En faisant appel aux connaissances préalables de l'observateur, détachées des faits eux-mêmes et qui ont un aspect personnel, cette formule donne une image de la réalité extérieure tout en exprimant également la méconnaissance de l'observateur face à cette réalité. De cette petite formule ré-émerge ainsi une idée philosophique depuis longtemps débattue. "Elle nous oblige à penser que les théories et modèles scientifiques reflètent notre représentation de la réalité plutôt que la réalité elle-même. Cette dernière se chargeant de nous fournir des données qui garantissent que notre représentation n'est pas trop éloignée de la vérité", résume Christian Robert, professeur au Centre de recherche en mathématiques de la décision de l’université Paris-Dauphine.
Cette formule, qui est l'expression même de l'humilité scientifique, l'essence d'une science qui se reconnaît comme dépassée par son objet, est faite sur mesure pour le troisième millénaire. Qu'il s'agisse de génétique, de climatologie, d'astrophysique ou de biologie cellulaire... tous les problèmes qui occupent actuellement les chercheurs mettent en jeu des paramètres corrélés, des réseaux de causes entremêlés. Voilà pourquoi le raz de marée bayésien déferle aujourd'hui. Voilà pourquoi la formule de Bayes n'a commencé à envahir la science qu'il y a dix ans.

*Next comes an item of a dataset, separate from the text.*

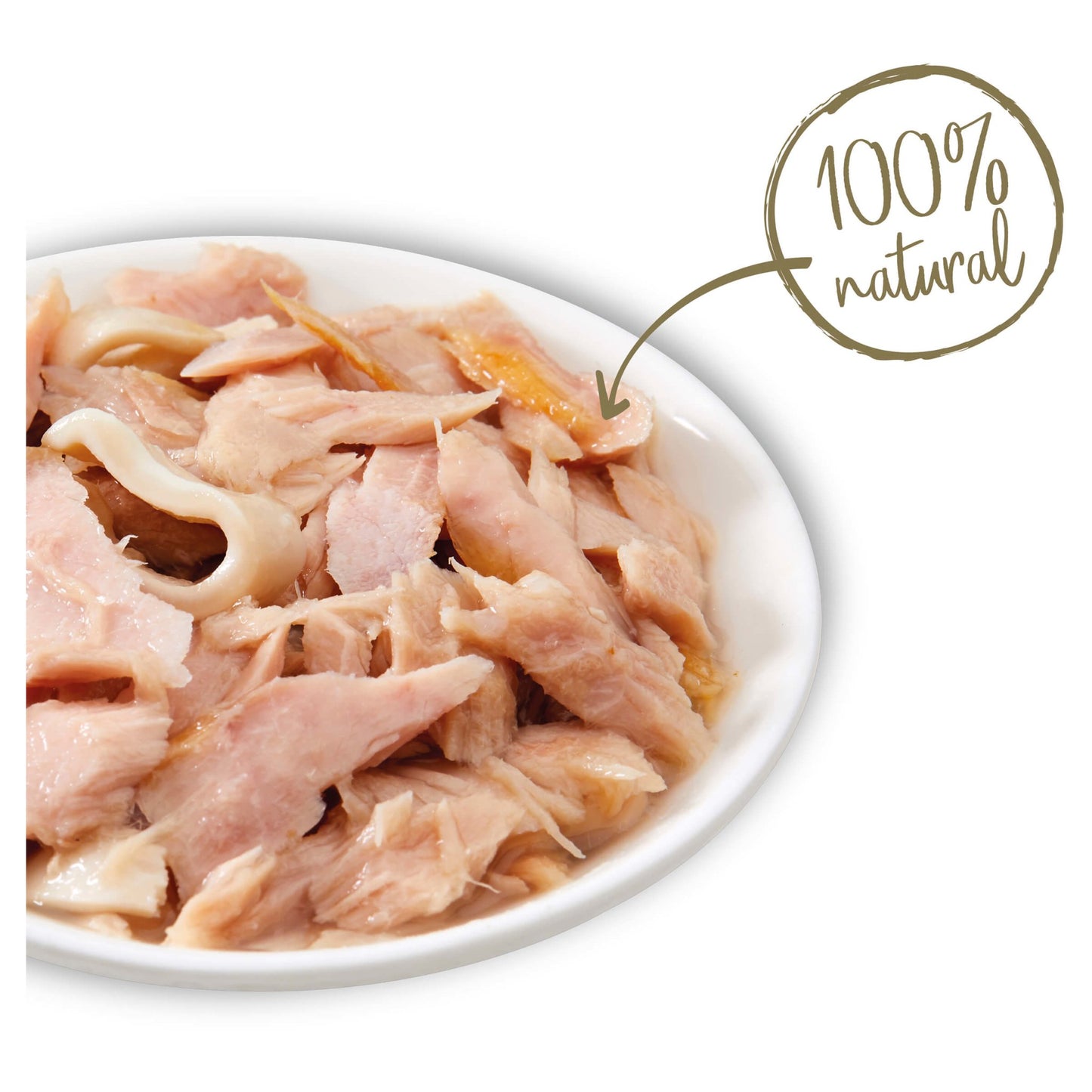 Applaws Succulent Tuna Fillet with Calamari Cat Food Pot 60g - PetPost Australia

Et voilà pourquoi aujourd'hui, elle dévoile les mécanismes qui régissent la naissance des étoiles ; évalue la hausse des températures pour les décennies à venir ; retrouve les causes génétiques des maladies ; retrace l'évolution des espèces....
Hannibal GENSERIC
(*) Aujourd’hui, ses applications sont extrêmement diverses, comme le mentionne le numéro de la revue Science et vie de Novembre 2012. Au point de se demander pourquoi elle n’est pas ouvertement exploitée par les instituts de sondage. La réponse est peut-être purement économique. Le maintien d’un suspense intense stimule la demande de nouveaux sondages. Avec Bayes, les jeux seraient sans doute faits plus vite. D’où un considérable manque à gagner pour les instituts de sondage.